Yup, this hot news has just entered to SOT Editorial staff room. The latest news showed that almost half million account of Yahoo user is threatened by hackers, who knows, that one of them is yours!
This information can be read in:
I will pick some part of the news:
The news is posted in public website by a group of hacker known as D33Ds Company, which stated that they successfully exploited Yahoo subdomain using what known as SQL injection technique. This hacking technique prey web application with low security level which didn’t care bout text entered into their box searching and using other input field. By inserting powerful database command, attacker would be able to deceive and backup server, so receiving large amount of sensitive information.

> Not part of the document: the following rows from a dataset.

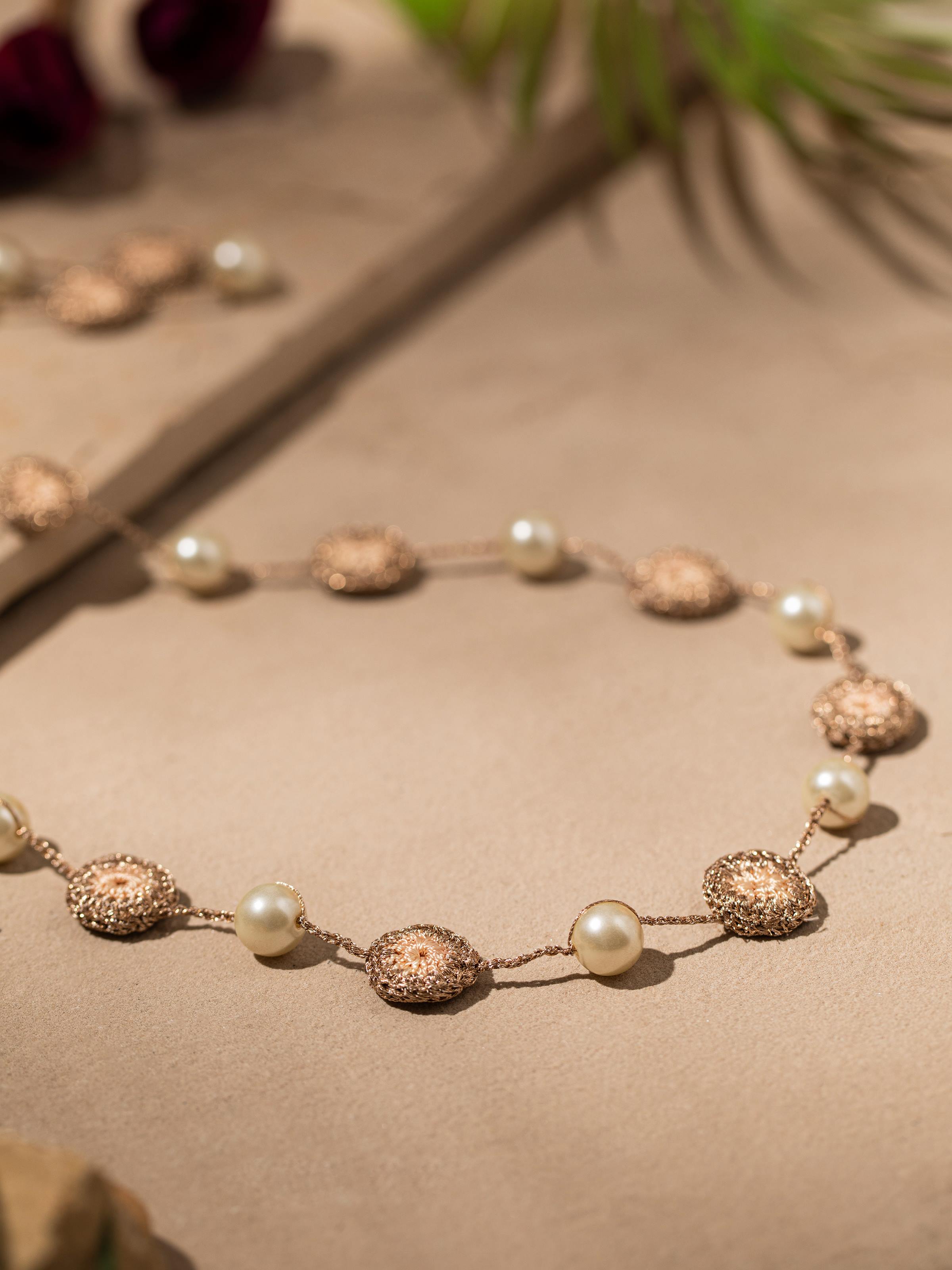 Detailed shot of crochet long necklace focusing on its artisanal crochet details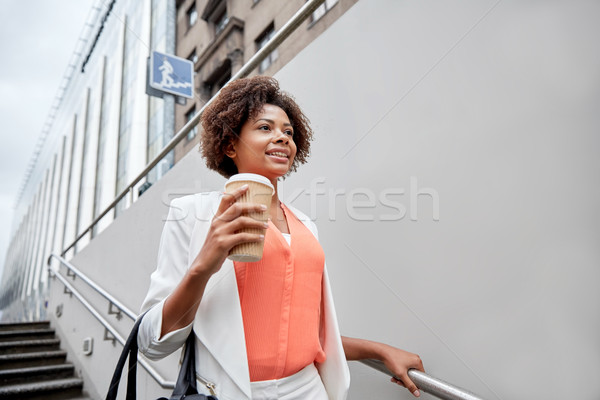 happy african businesswoman with coffee in city Stock photo © dolgachov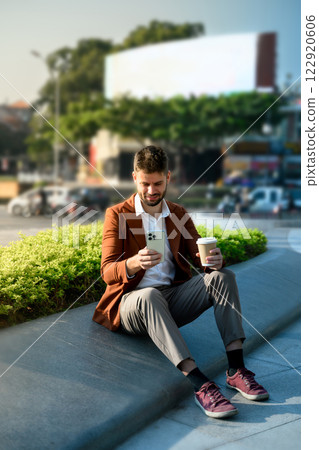 Young businessman using a smartphone outdoors in a modern urban Young businessman using a smartphone outdoors in a modern urban 122920606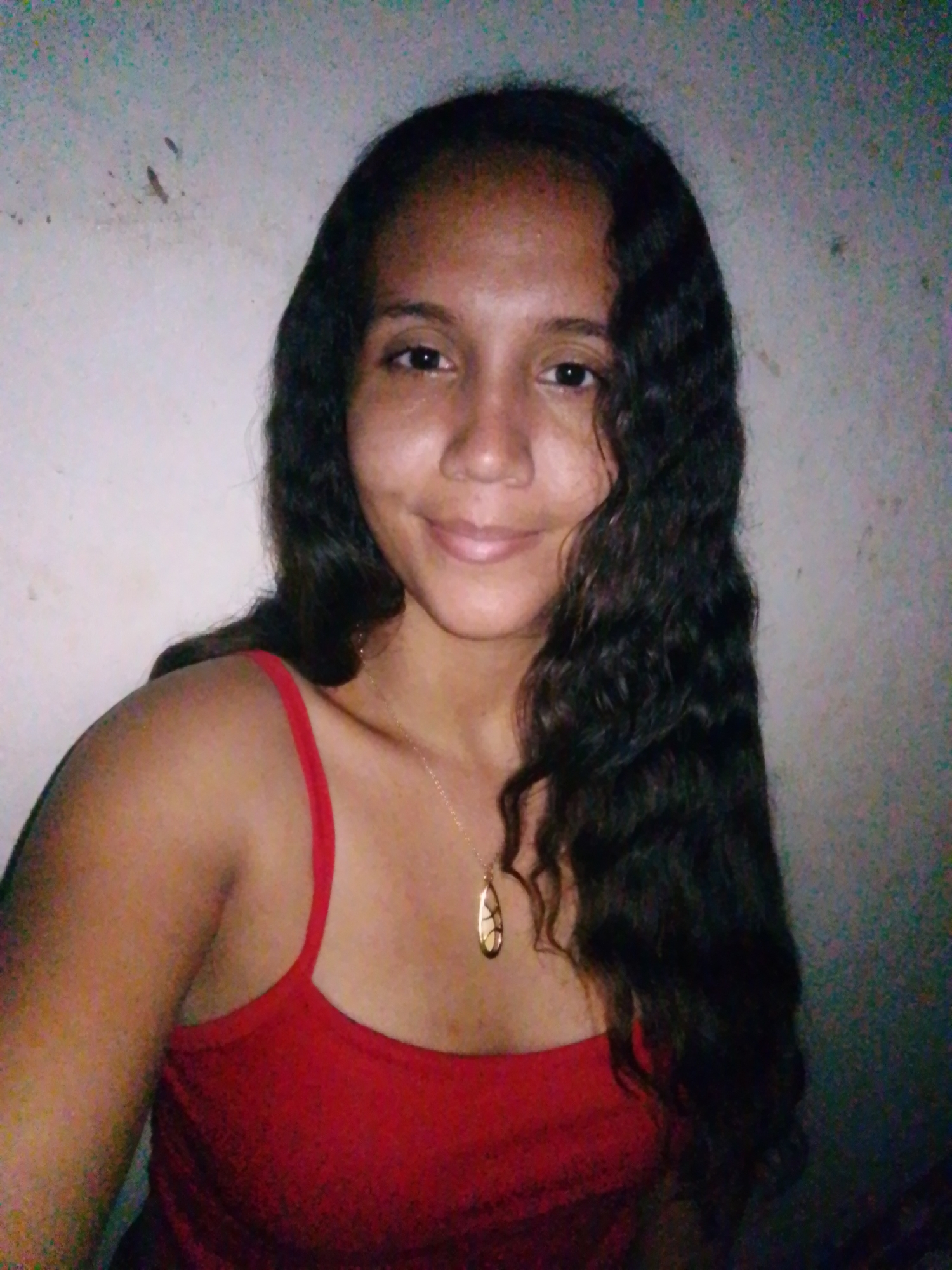 A medium shot shows a person with long, dark, wavy hair and brown skin. They are wearing a red, thin-strapped top and a gold pendant necklace. The background is a plain, light-colored wall, slightly out of focus. There is no indication of the city of Juan Griego, Venezuela.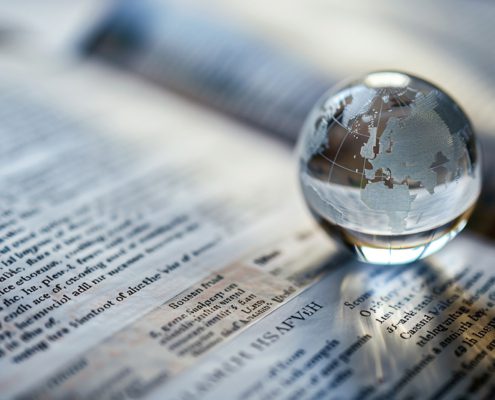 Focused shot of a legal document outlining international complia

To support their claim, hacker posted that they hold 453,492 Yahoo accounts, more than 2,700 database tables or names, and 298 MySQL variables which can be exploited easily.
What we concerned is, if from those accounts, in fact there’s your account, and hackers able to take sensitive information in your account. Don’t let that happen! SOT suggested you to do this efforts as preventive action:
Resetting/Recovering your password
You need to reset or recover your password! Change your password into a totally different password compared with previous password. Use combination of number and alphabet (alphanumerical). It will create strong password which would be difficult to be attacked by brute force method.
Enable two factors authentication
If your email has this kind of facility, use it immediately! For Yahoo, you can visit:
Login To Your Setting Account
Insert to email setting to change password and set your two factors authentication. You need to go into setting and make sure that everything alright. Here’s list of things you need to do
1. Check the recovery email
2. Check the password hint
3. Check your email forward setting to make sure no one send something using your email.
Change all password which is similar with your Email password
Many people prefer using similar password for some accounts. Quickly changed your password account in social networks or some other sites which are similar to your email password recently. To support you using different password, you can use password manager such as LastPass and KeePass which once also reviewed in SOT.
If you don’t use password manager, you should try these tips:
- Your Passwords should be longer from minimum limit decided by Yahoo (> 8 characters)
- Don’t use dictionary words as part of your password.
- Use passphrase in stead of password
Practice a hygienist Password Usage in the future
It means, pay attention all previous tips, don’t repeat a bad password usage. If it needed, you should have unique password for each certain internet services. Don’t store your password insecurely, such as in file you hide in Cloud Storage or PC which clearly titled: “Passwords list”. It is like putting a pocket of gold in the townsquare! Don’t share your password insecurely, such as giving passwords to your friends via email. Even don’t share password with your friends at all, because you won’t find out whether your friends will be careful with your password or not…
Okay, that’s the short, dense, and trustable report from SOT. Don’t forget to take preventive steps to secure your Yahoo account, IMMEDIATELY!